Image-text web data:
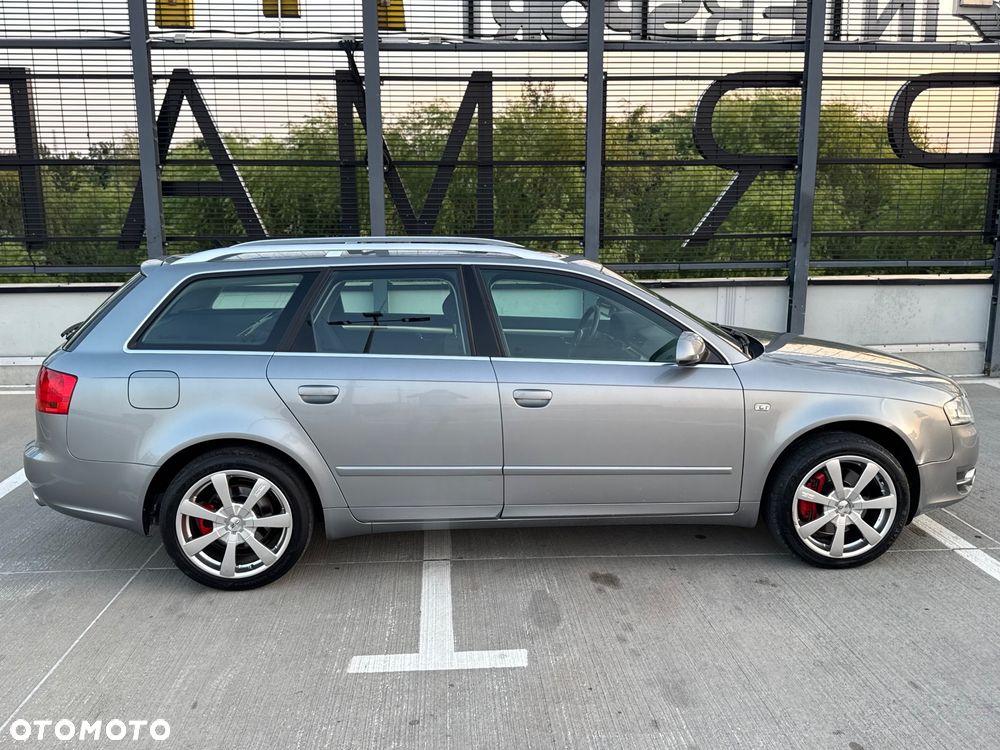 Audi A4 Avant - 4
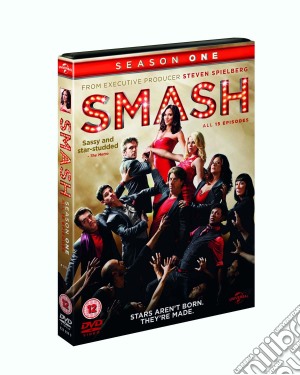 Smash  Season 1 (4 Dvd) [Edizione: Regno Unito] film in dvd di Playback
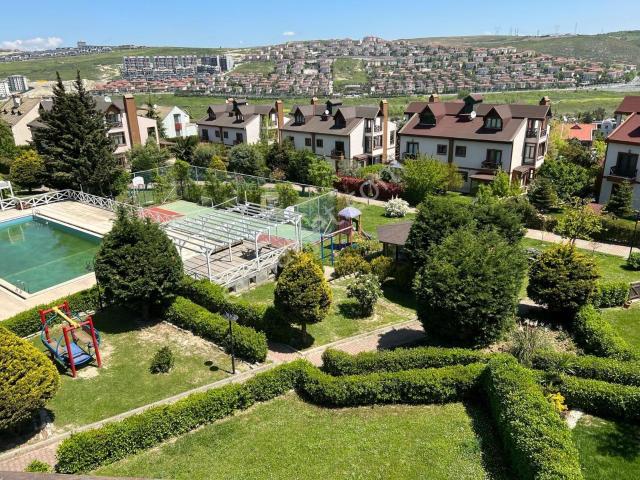 Boğazköy, Başakşehir içerisinde satılık Villa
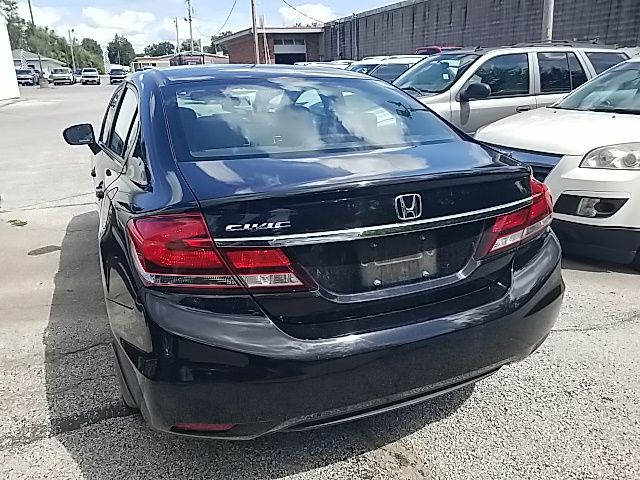 Used 2015 Honda Civic Sedan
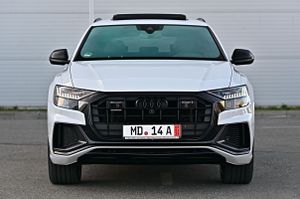 Audi Q8 SUV TDI quattro 210 kW tiptronic S line business 2018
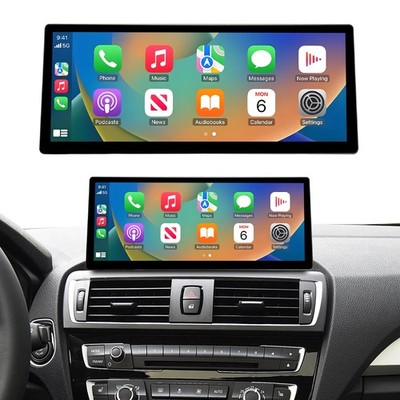 Für BMW 1er/2er NBT EVO LHD F20 F21 F22 F23 Wireless CarPlay Touchscreen Stereo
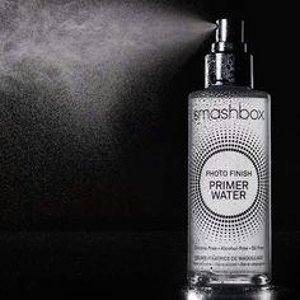 SMASHBOX控油保湿喷雾，完美妆容Hold的住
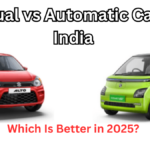 Manual vs Automatic Cars in India – Which Is Better in 2025?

REQUIRED WORK: From the line containing "Für BMW 1er/2er" through the final line of the records, write out each line exactly, and include no pictures.

COMPLETED TASK:
 Für BMW 1er/2er NBT EVO LHD F20 F21 F22 F23 Wireless CarPlay Touchscreen Stereo
 SMASHBOX控油保湿喷雾，完美妆容Hold的住
 Manual vs Automatic Cars in India – Which Is Better in 2025?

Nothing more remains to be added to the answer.